Golf is a popular sport in Japan. In recent years, top players like Rio Ishikawa and Ai Miyazato have been doing well in international tournaments. The popularity of the sport is evident from the abundance of golf shops sprinkled around various cities and the practice facilities that dot the riverbanks in the Japanese urban landscape.
There are many courses around the country, and several are carved out of forests in the mountain areas. Golf as a tourist activity is not nearly as popular in Japan as it is in many other countries, but some courses are public and open to players who are not members, meaning they can be enjoyed by tourists.
Kansai has some great public golf courses that are definitely worth checking out. The Japanese golf experience is service-oriented, from the well-dressed reception staff to the helpful attendants who unload your bag from your car to the chefs and restaurant staff who serve your mid-round lunch.
Typically, a game of golf in Japan starts with the front nine in the morning, a prepared set course lunch, and the back nine after that. Many of the public courses offer the golf and lunch package which includes 18 holes of golf with a cart and a delicious, filling lunch. Many courses seem to operate on a resort-style payment system where you check in, provide your name and contact information, and then you are given a scorecard wallet with a number. You then use this number throughout the day to purchase things like drinks as well as balls from the pro-shop. At the end of the day, your bill is totaled, and you pay through a vending-machine type system or at the reception directly.
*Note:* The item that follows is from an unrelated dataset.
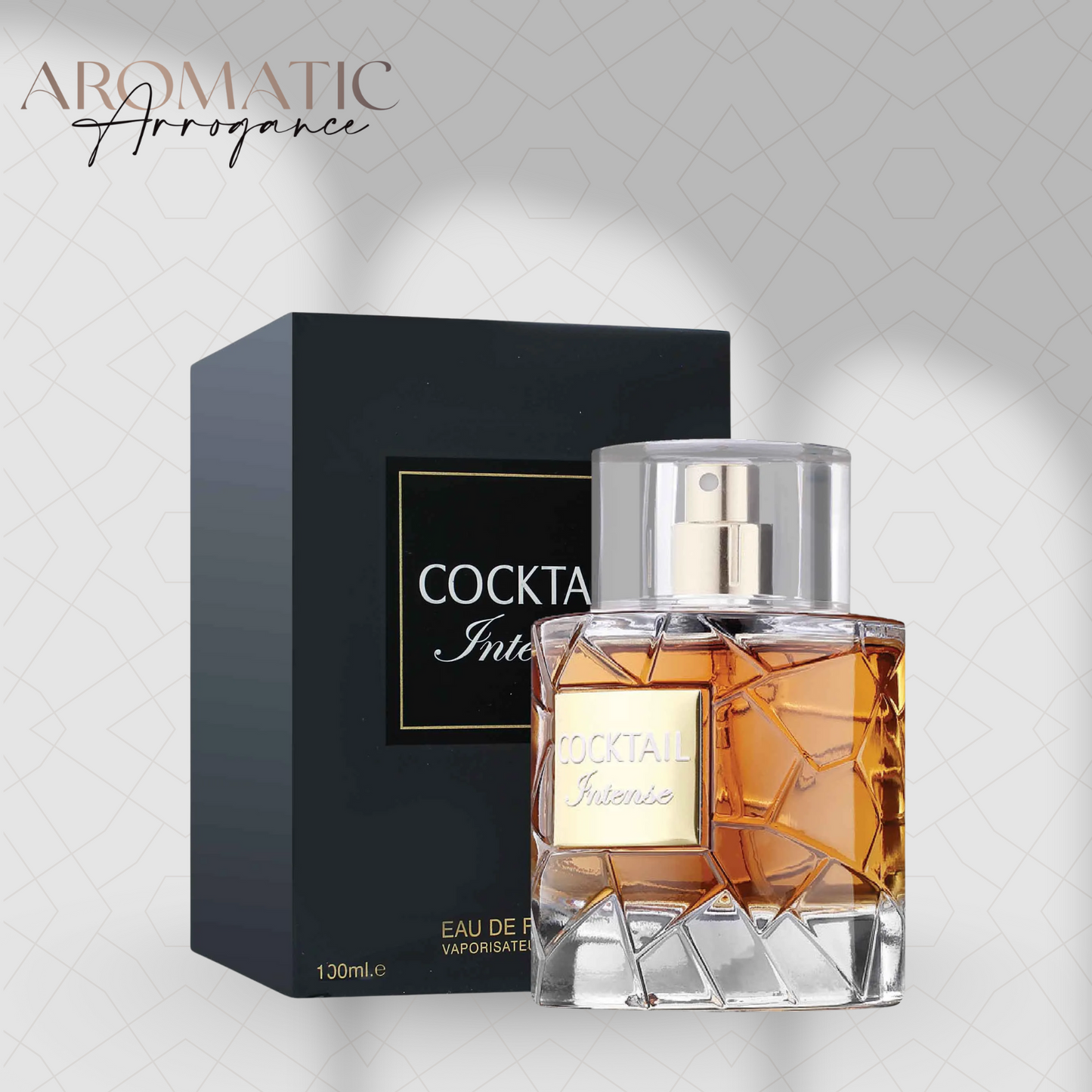 Fragrance World Cocktail Intense Eau de Parfum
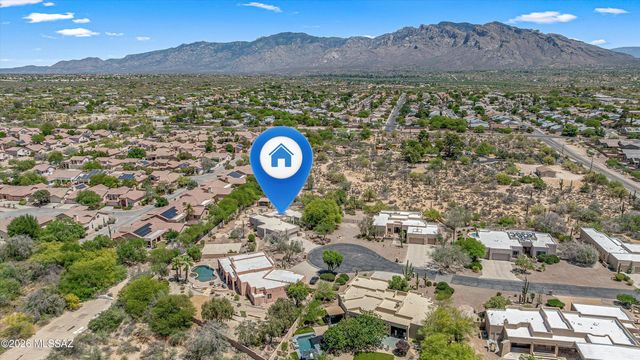 9778 N Sumter Court, Tucson, AZ 85742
The price of a round of golf in Japan is similar to mid-to-upmarket courses in Canada and the States and cost in the ballpark of ¥9,000 to ¥14,000. However, greens fees can climb as high as ¥25,000 or even ¥30,000 for top-flight courses. If you don’t bring your own clubs, you can easily rent a set at the course, and some courses even offer golf shoes for hire.
Kyoto has a few nice courses, and during a recent round at Kyoto Ohara Public Course, or KOPC for short, I was captivated by the fairways that seemed to be cut from the forests, streams, and mountain backdrops in the distance. The course is situated outside Ohara, a quaint small town which is a 45-minute drive north of Kyoto city. There are various elevation changes on the course as it is designed to roll with the mountainside. One particularly intimidating hole is one of the 500-yard par fives that plays uphill. The self-driving carts are only operable along the cart paths and the large touch-screen monitors in each cart make yardage finding easy. All the course information is literally at your fingertips.
If a park-style flat course is more to your liking, Biwako Lakeside Golf Course is worth the trip. Located in Shiga Prefecture on the shores of Japan’s biggest freshwater lake, the course features 27 holes of golf, some of which run parallel to Biwako and offer lake views over your shoulder. When I played the course in April, the rolling greens were in excellent condition, and it was a great day out. The bunkers are full of soft beach sand, and some of the ponds will collect errant tee shots. The course is accessible via a short taxi ride from JR Moriyama Station. A weekend round with lunch included was ¥13,000.
If you are staying in either Osaka or Kyoto and you want to play a round with easy train access, the riverside course in Kuzuha is a good option. The clubhouse is opposite the Keihan Kuzuha Station. Tthe open-concept course features minimal trees, and holes are positioned tightly together, which will test your ball control.
If you are short on time but still want to fit in a partial Japan golf experience, you can head to one of the various golf net practice facilities usually found along the riverside. With clubs for hire and a bucket of balls for about ¥1,000 this type of golf experience can be done on the cheap and only takes an hour or two. It is also a great rainy day activity, as the golf bays are usually roofed. I recommend the Tsuruya practice facility in Osaka, which is a short walk from Kanzakigawa Station on the Hankyu Line (towards Kobe-Sannomiya). The local train takes six minutes from Umeda.
The website golf-in-japan.com lists a number of courses in various prefectures. Most listings include the price range, address, contact information, rankings, pictures, and all other necessary information in English. It is a useful resource to narrow down and select your desired courses.
There are three things to consider before booking a round. Firstly, courses tend to be far from major transportation hubs as most are set in mountainous areas, so you will need to consider getting to and from the course. Secondly, making tee times and inquiries is difficult to do in English, so you might need your hotel staff or a friend to help you set up your game. Finally, weekday rates at many courses tend to be cheaper, so if you can avoid the weekend rush, you will usually pay 20 to 30 percent less for greens fees.